§ WHAT THE TASK REQUIRES: The expected output is the full data, repeated exactly, without pictures.

§ GIVEN DATA:
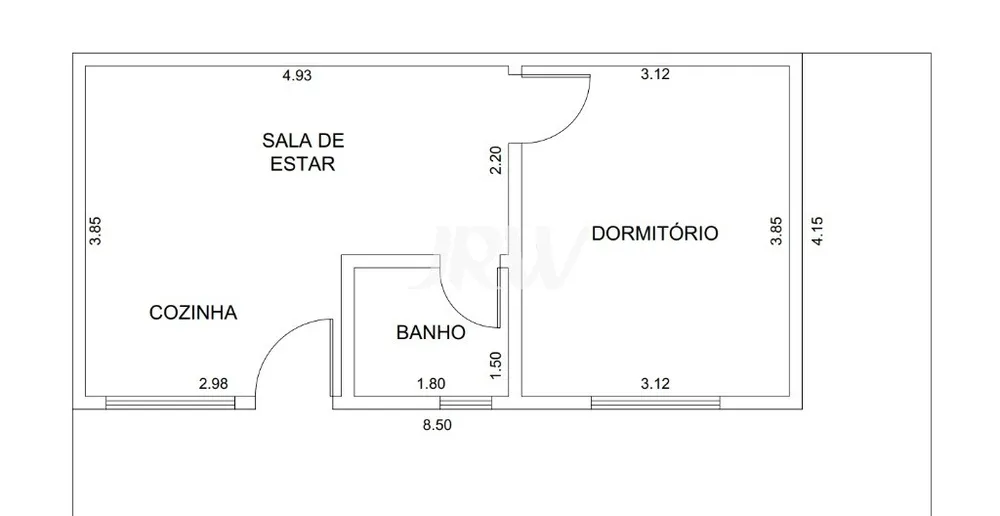 Terreno, 140 m² - Foto 1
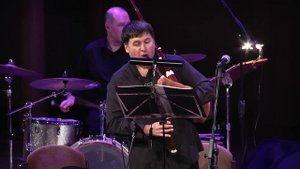 "Шотландская фантазия". Группа "Classy Jazz" под управлением Олега Матвеева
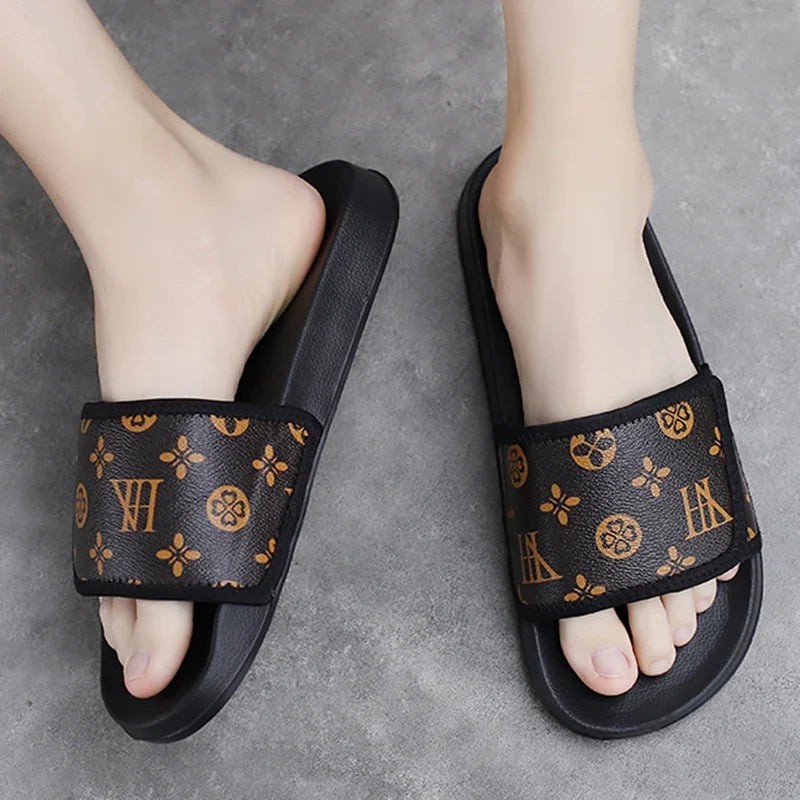 UrbanFlex Sport Slides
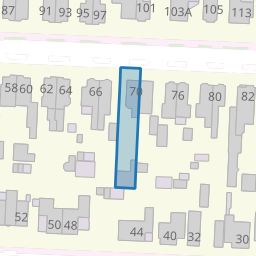 Perceel VND00-H-2507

§ ANSWER AREA:
 Terreno, 140 m² - Foto 1
 "Шотландская фантазия". Группа "Classy Jazz" под управлением Олега Матвеева
 UrbanFlex Sport Slides
 Perceel VND00-H-2507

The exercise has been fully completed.